Goal of the exercise
Would you retype exactly the lines below, starting with the one that has "2110 Encino Dr, Corpus Christi, TX 78414" and going on through the one that has "DPAP candidate from", with no pictures and nothing else?

══ Records for this exercise ══

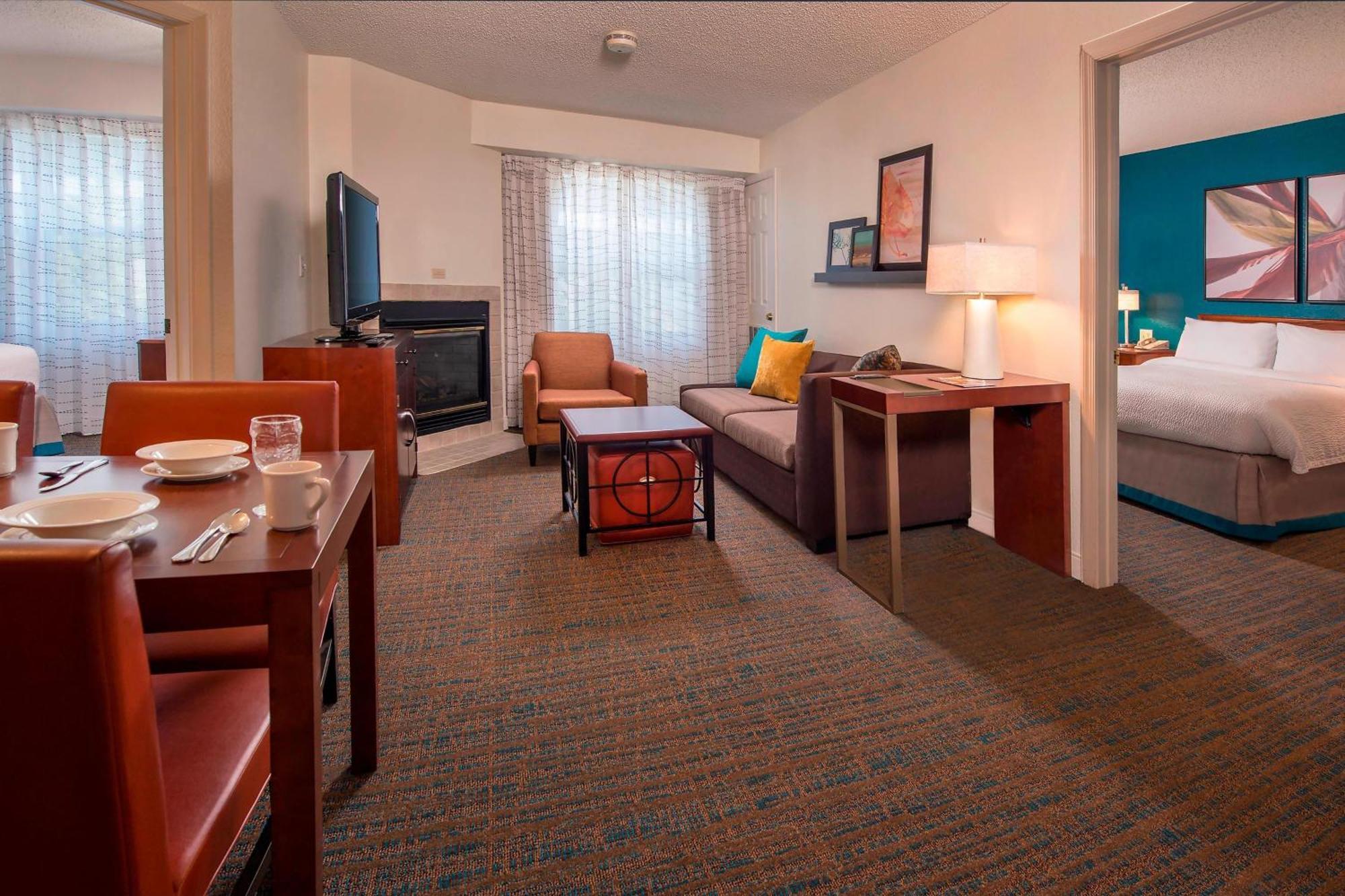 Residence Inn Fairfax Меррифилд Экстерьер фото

═══
══ Records for this exercise ══

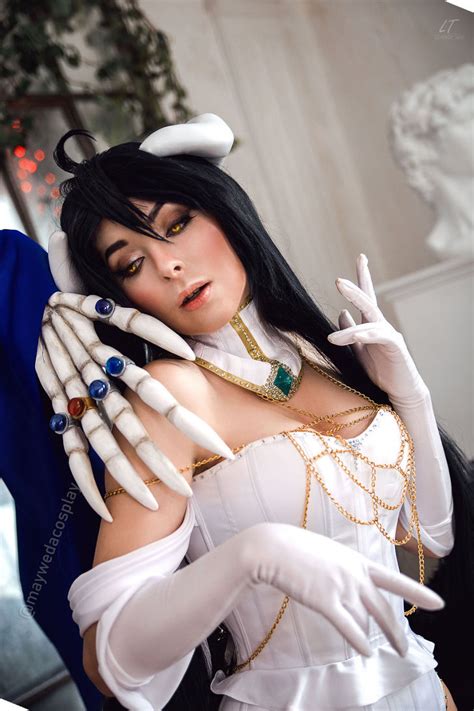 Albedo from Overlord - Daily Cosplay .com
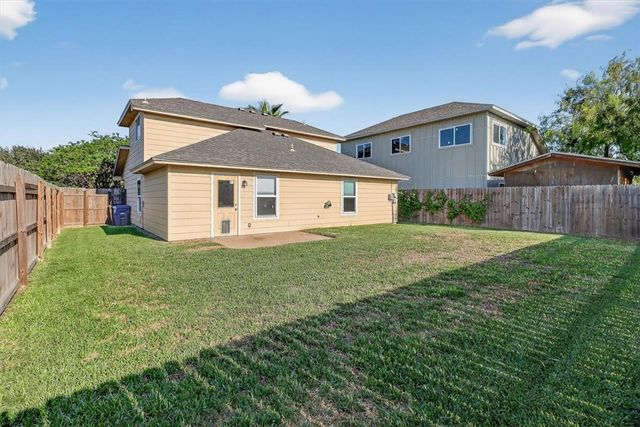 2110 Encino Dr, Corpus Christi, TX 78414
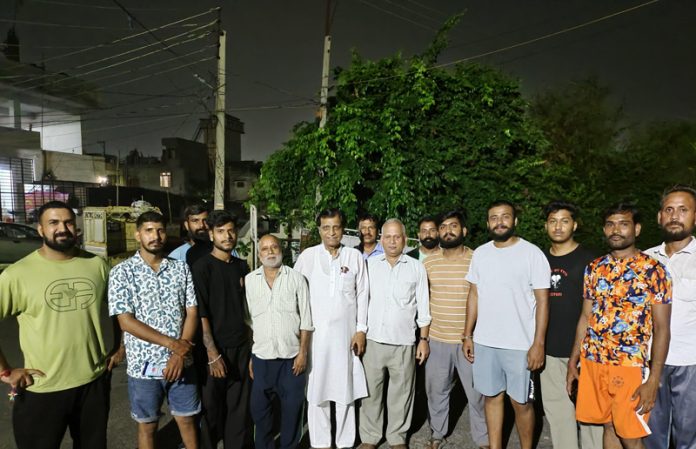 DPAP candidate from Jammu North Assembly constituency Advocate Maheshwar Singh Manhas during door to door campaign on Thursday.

═══
══ Records for this exercise ══

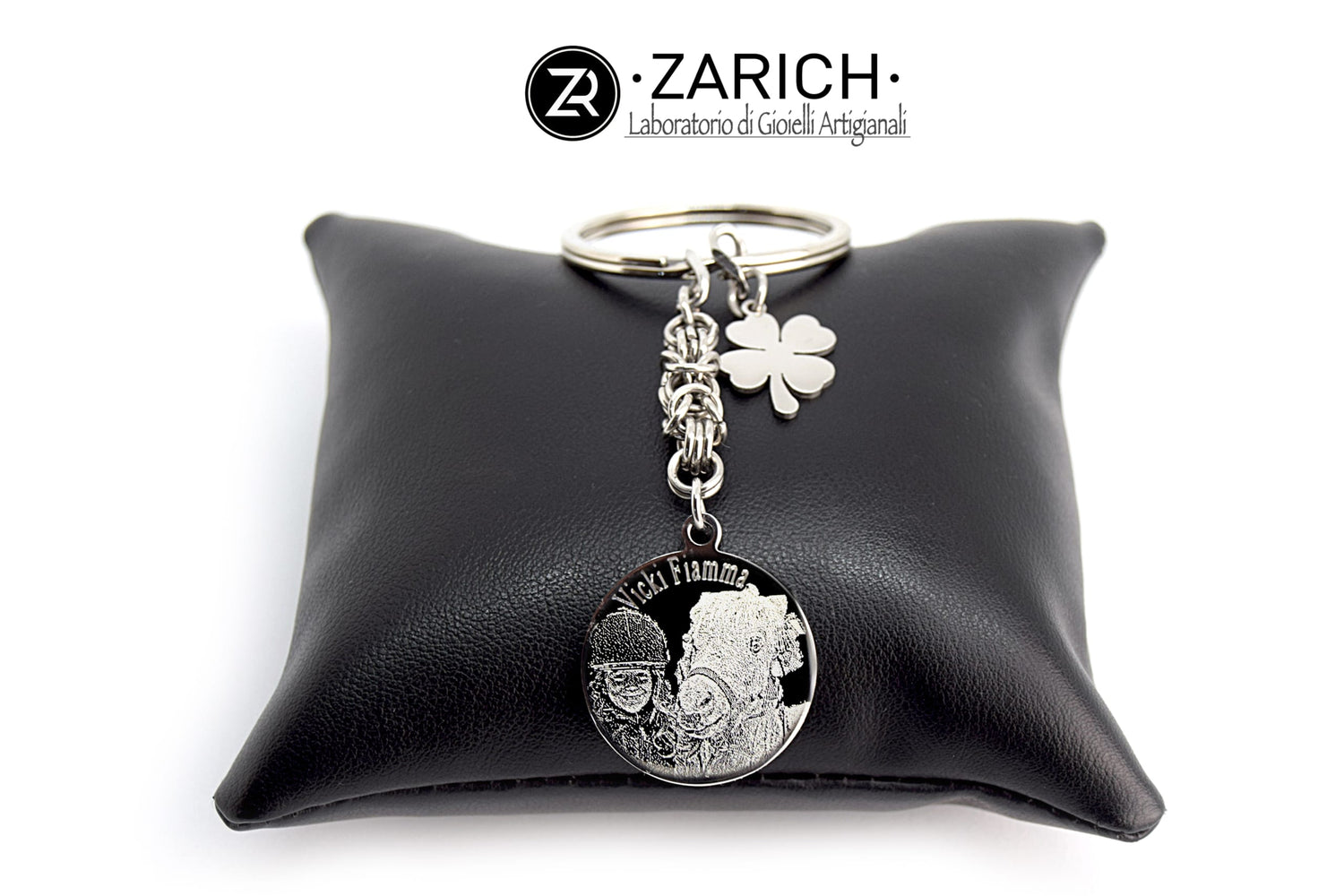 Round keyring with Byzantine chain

═══

Exercise output
 2110 Encino Dr, Corpus Christi, TX 78414
 DPAP candidate from Jammu North Assembly constituency Advocate Maheshwar Singh Manhas during door to door campaign on Thursday.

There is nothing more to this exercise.